# [Problem details]
The data below should be retyped exactly, with the pictures left out.

# [Material supplied]
==============================

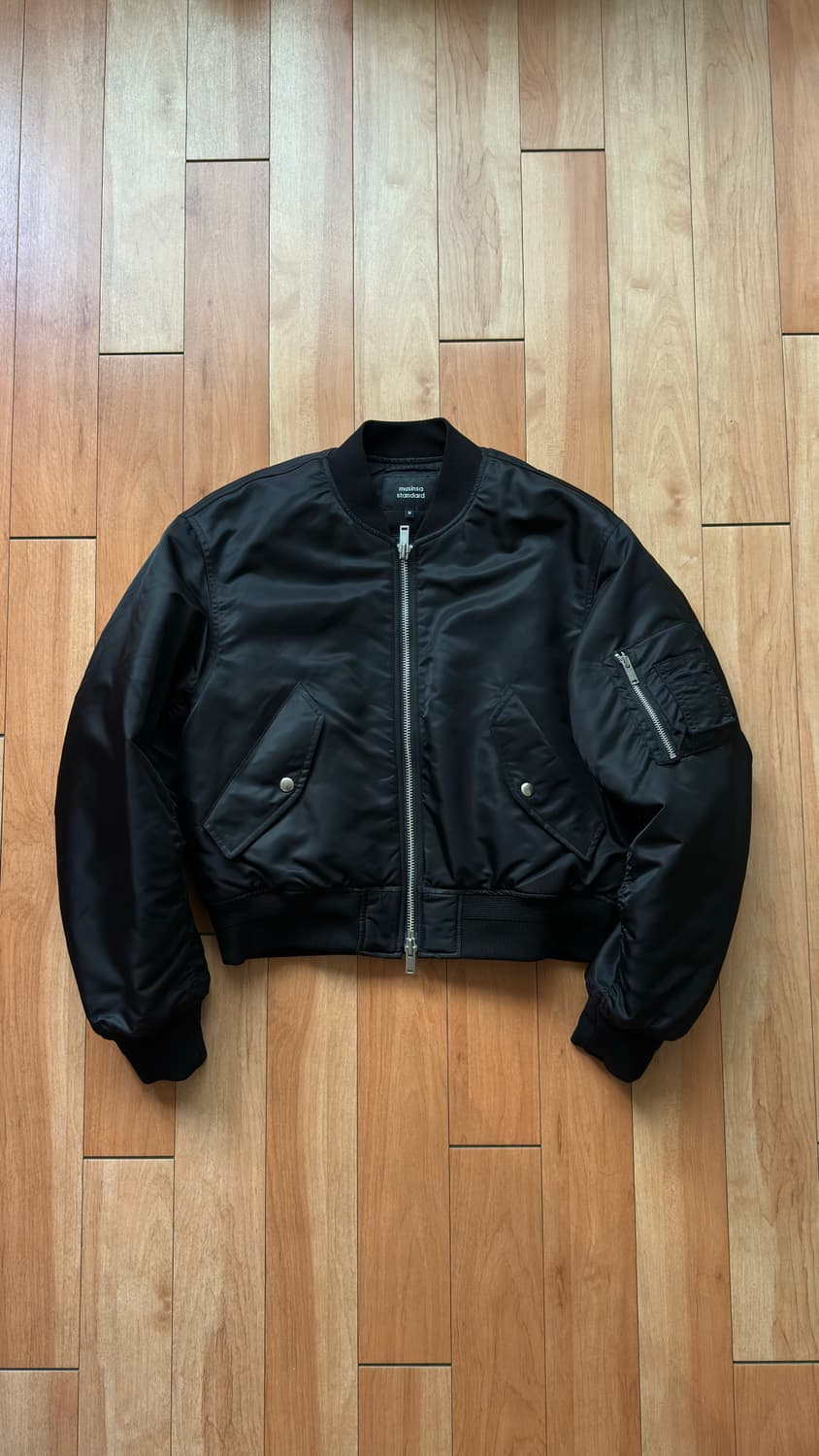 무탠다드 쇼트 크롭 MA-1 사이즈 M 상품이미지1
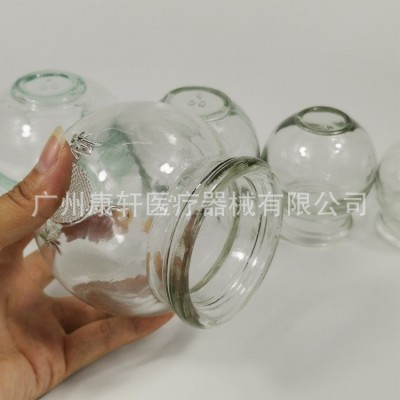 加厚玻璃火罐拔罐器防爆防滑玻璃罐美容院专用图3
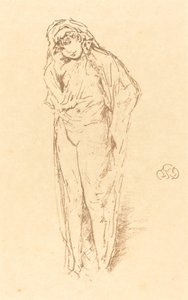 Geklede Figuur, Staand door James Abbott McNeill Whistler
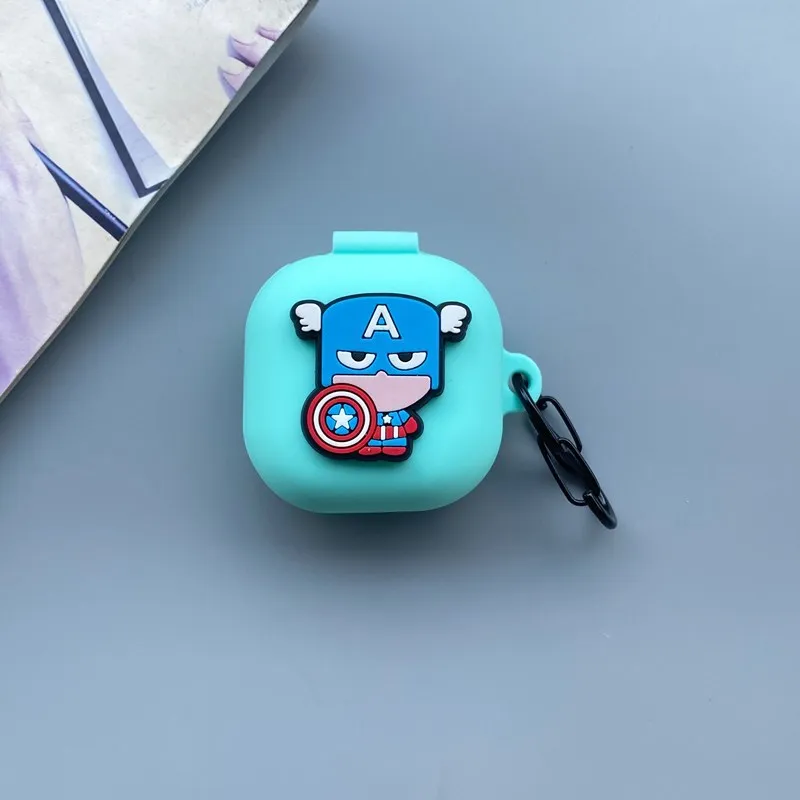 Adecuado para Samsung Galaxy Buds2/live/pro auriculares inalámbricos Bluetooth funda protectora de silicona de dibujos animados carcasa suave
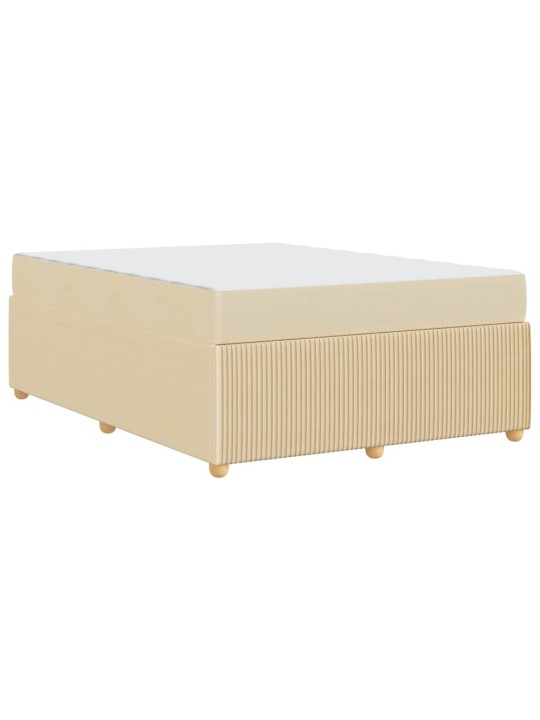 Gultas rāmis ar matraci krēmkrāsa 160 x 200 cm audums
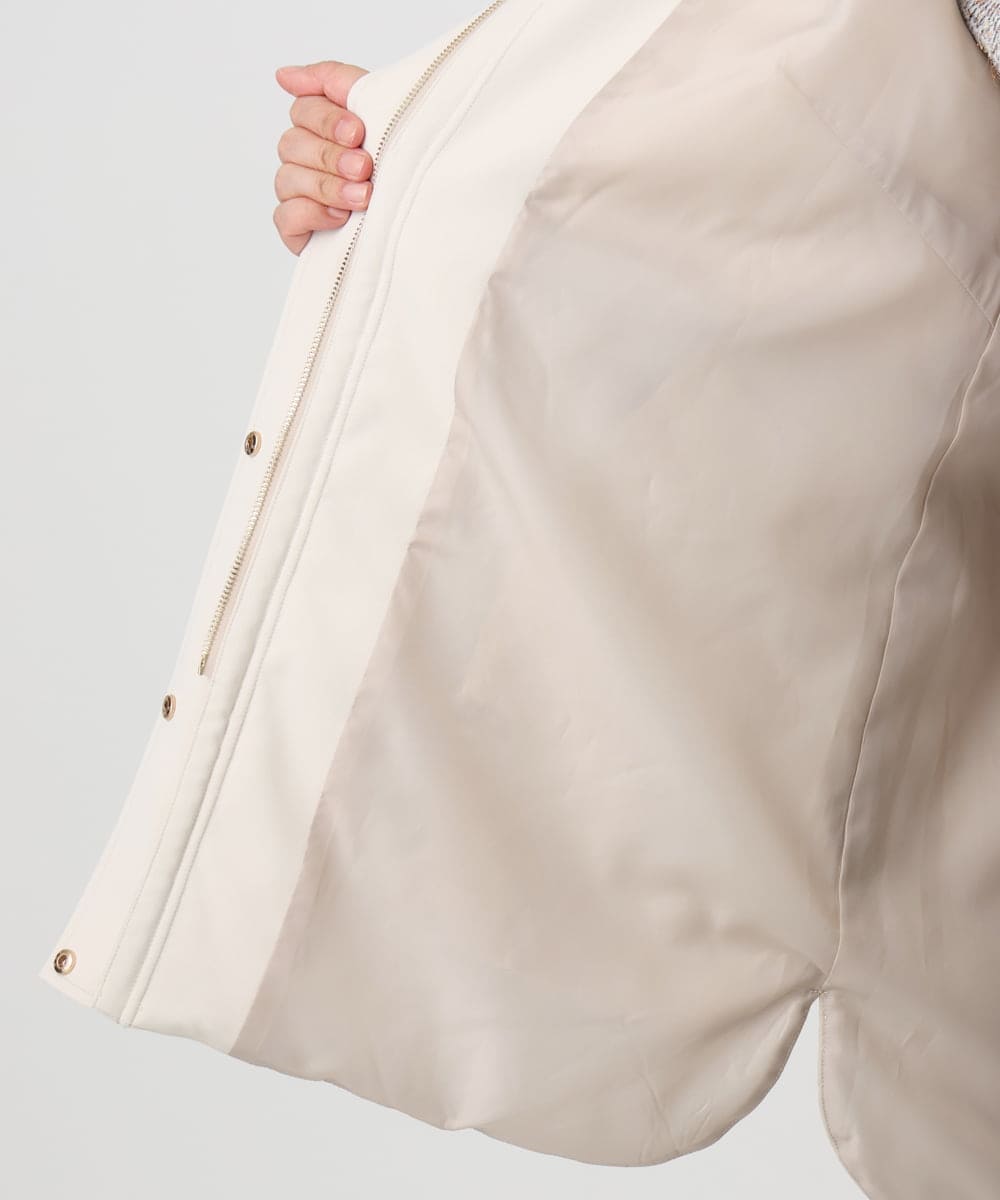 OLUBD08199 eur3(エウルキューブ) 【WEB先行販売】【大きいサイズ】キルトコンビアウター ベージュ(82)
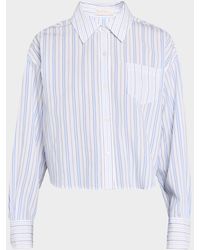 Ramy Brook - Marnie Striped Button-Front Shirt - Lyst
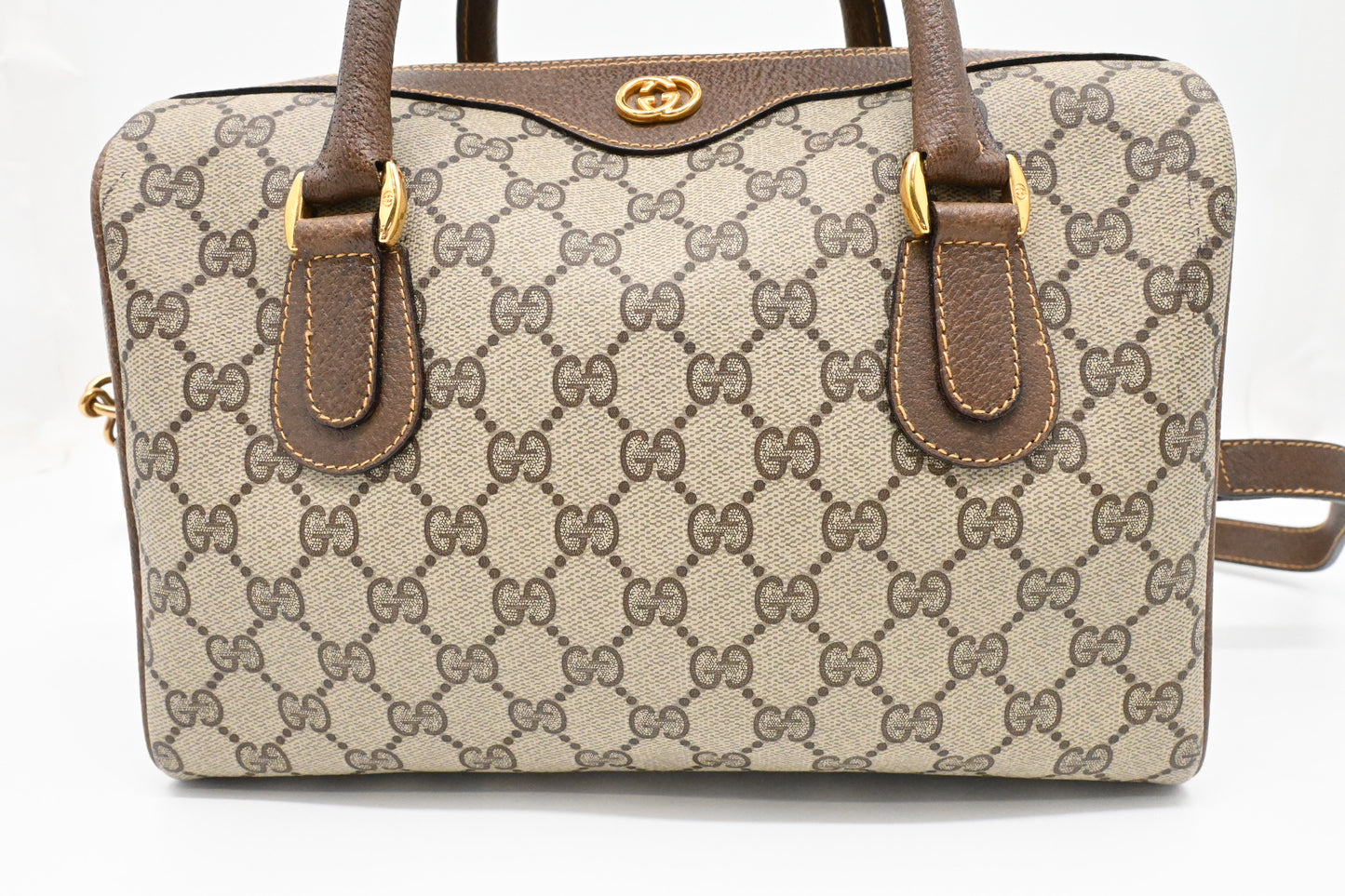Gucci Boston Bag in GG Supreme Canvas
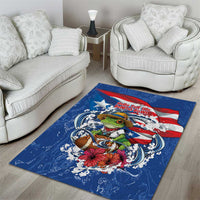 Puerto Rican Coquí Football Area Rug Here For The Benito Bowl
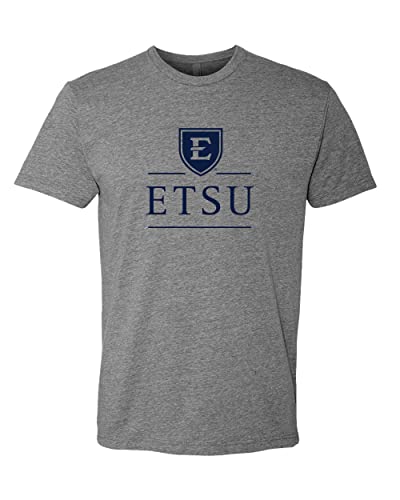 East Tennessee State ETSU Soft Exclusive T-Shirt - Dark Heather Gray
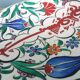 Empty pocket cup signed H. Yildiz Türkiye Iznik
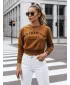 Damen-Sweatshirt DSTREET BY1565 BRAUN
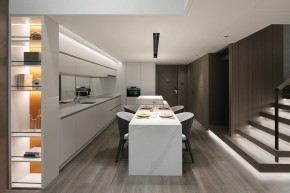 現代簡約風餐邊柜裝修效果圖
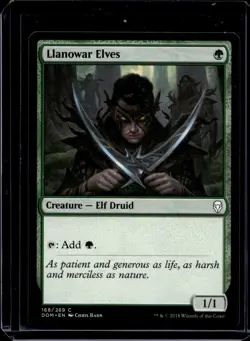 Llanowar Elves #168 (NM) Dominaria DOM Magic MTG - Image 1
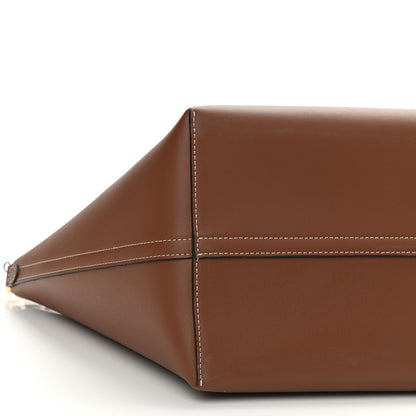 Burberry Soft Calfskin Small Pocket Tote Bag Tan 7 of 9
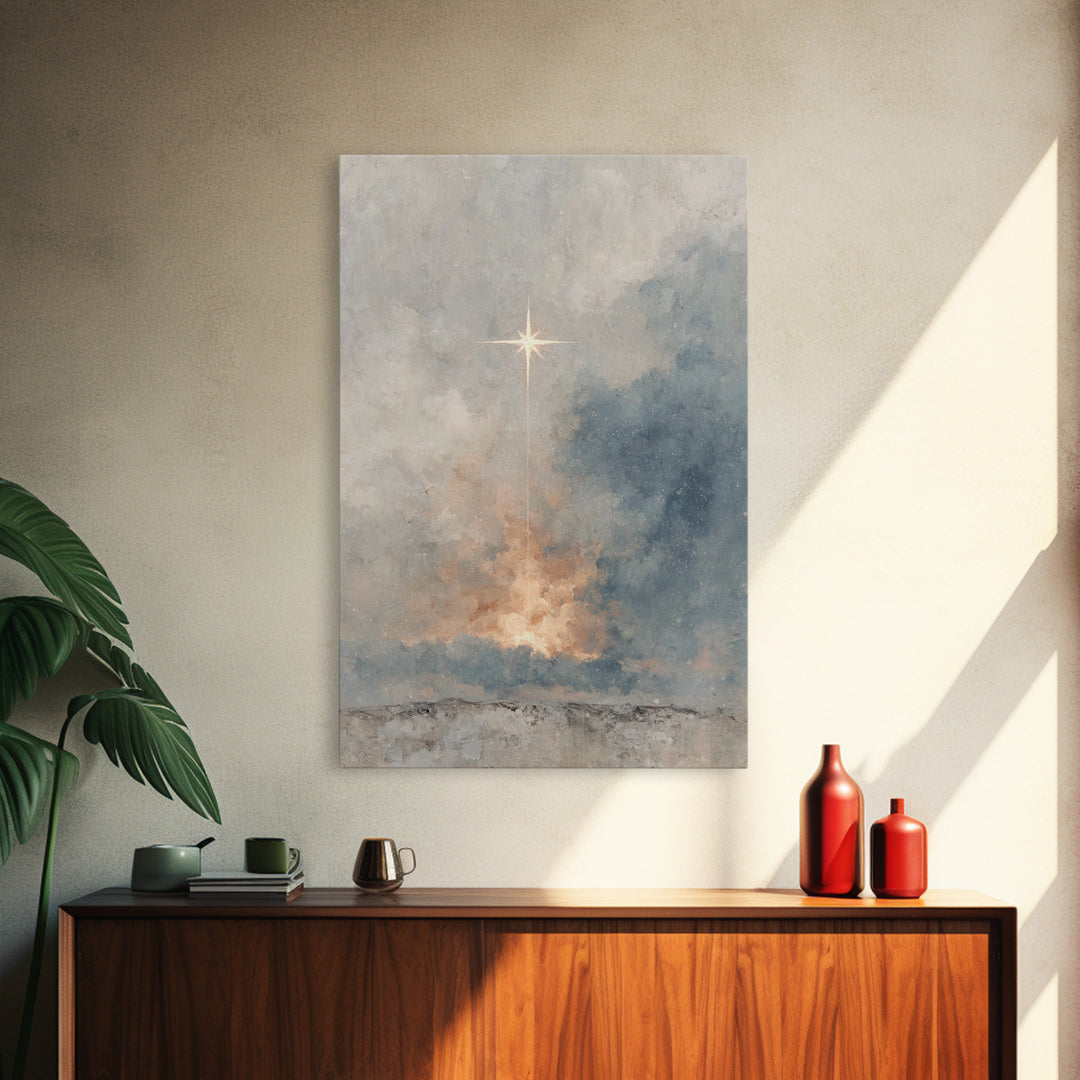 Shepherd’s Journey – Framed Canvas Print – Christian Wall Art – Christian Art Canvas – Christmas Art – Christian Christmas Art – Christian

==============================

# [Solution for this problem]
 무탠다드 쇼트 크롭 MA-1 사이즈 M 상품이미지1
 加厚玻璃火罐拔罐器防爆防滑玻璃罐美容院专用图3
 Geklede Figuur, Staand door James Abbott McNeill Whistler
 Adecuado para Samsung Galaxy Buds2/live/pro auriculares inalámbricos Bluetooth funda protectora de silicona de dibujos animados carcasa suave
 Gultas rāmis ar matraci krēmkrāsa 160 x 200 cm audums
 OLUBD08199 eur3(エウルキューブ) 【WEB先行販売】【大きいサイズ】キルトコンビアウター ベージュ(82)
 Ramy Brook - Marnie Striped Button-Front Shirt - Lyst
Gucci Boston Bag in GG Supreme Canvas
 Puerto Rican Coquí Football Area Rug Here For The Benito Bowl
 East Tennessee State ETSU Soft Exclusive T-Shirt - Dark Heather Gray
 Empty pocket cup signed H. Yildiz Türkiye Iznik
 Damen-Sweatshirt DSTREET BY1565 BRAUN
 現代簡約風餐邊柜裝修效果圖
 Llanowar Elves #168 (NM) Dominaria DOM Magic MTG - Image 1
 Burberry Soft Calfskin Small Pocket Tote Bag Tan 7 of 9
 Shepherd’s Journey – Framed Canvas Print – Christian Wall Art – Christian Art Canvas – Christmas Art – Christian Christmas Art – Christian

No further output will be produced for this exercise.